What to work on:
Starting at the line that contains "Personalisierte Tasse Geschenk", reproduce only the lines through the end of the data, exactly, including both the first and the last; skip the pictures.

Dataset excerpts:
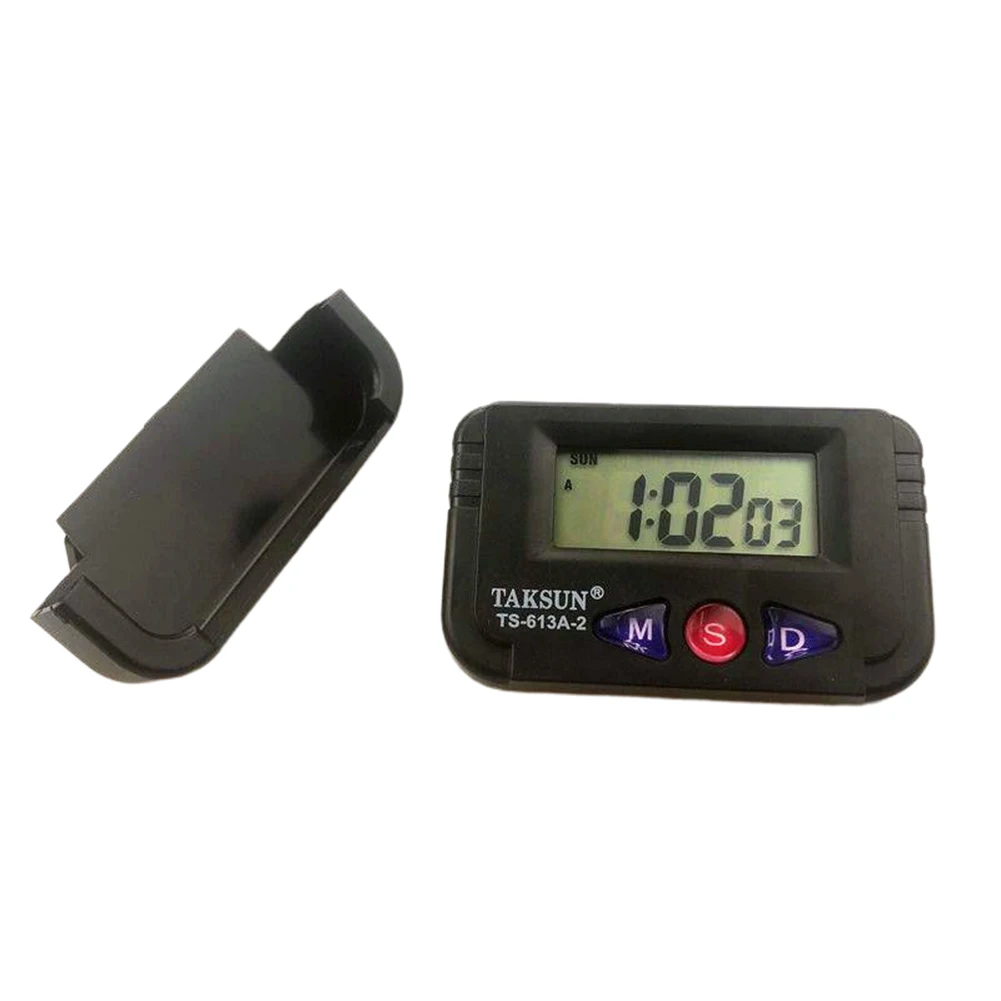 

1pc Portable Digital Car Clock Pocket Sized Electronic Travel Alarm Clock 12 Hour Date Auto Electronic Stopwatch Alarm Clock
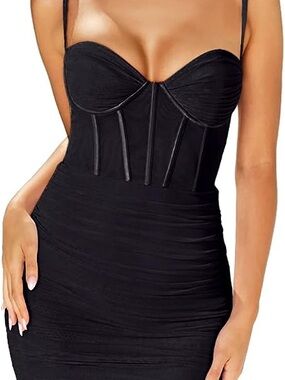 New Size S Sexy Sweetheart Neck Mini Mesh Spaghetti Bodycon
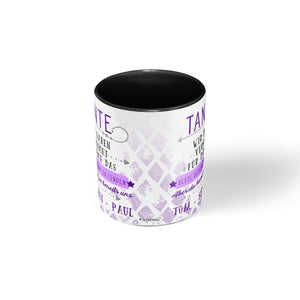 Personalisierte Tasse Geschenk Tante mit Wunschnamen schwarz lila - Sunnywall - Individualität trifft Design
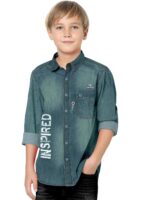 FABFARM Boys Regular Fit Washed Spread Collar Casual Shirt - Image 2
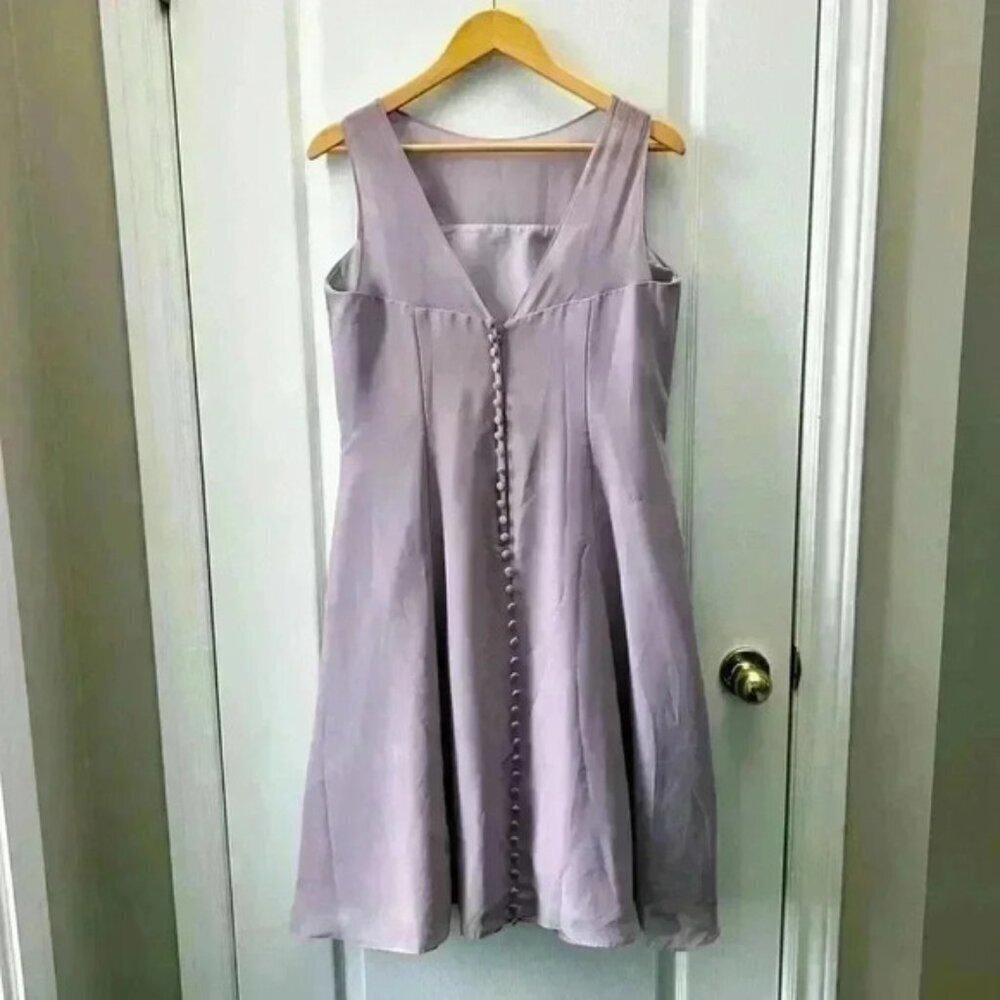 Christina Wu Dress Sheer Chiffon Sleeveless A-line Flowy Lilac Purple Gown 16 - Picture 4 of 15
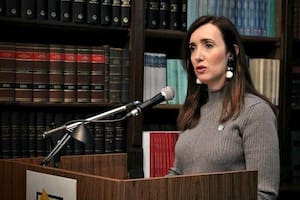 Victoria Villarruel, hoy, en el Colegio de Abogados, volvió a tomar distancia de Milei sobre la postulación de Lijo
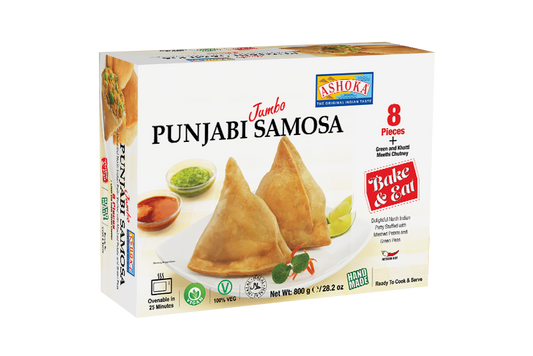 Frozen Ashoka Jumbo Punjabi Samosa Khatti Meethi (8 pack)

Output for this task:
 Personalisierte Tasse Geschenk Tante mit Wunschnamen schwarz lila - Sunnywall - Individualität trifft Design
 FABFARM Boys Regular Fit Washed Spread Collar Casual Shirt - Image 2
 Christina Wu Dress Sheer Chiffon Sleeveless A-line Flowy Lilac Purple Gown 16 - Picture 4 of 15
 Victoria Villarruel, hoy, en el Colegio de Abogados, volvió a tomar distancia de Milei sobre la postulación de Lijo
 Frozen Ashoka Jumbo Punjabi Samosa Khatti Meethi (8 pack)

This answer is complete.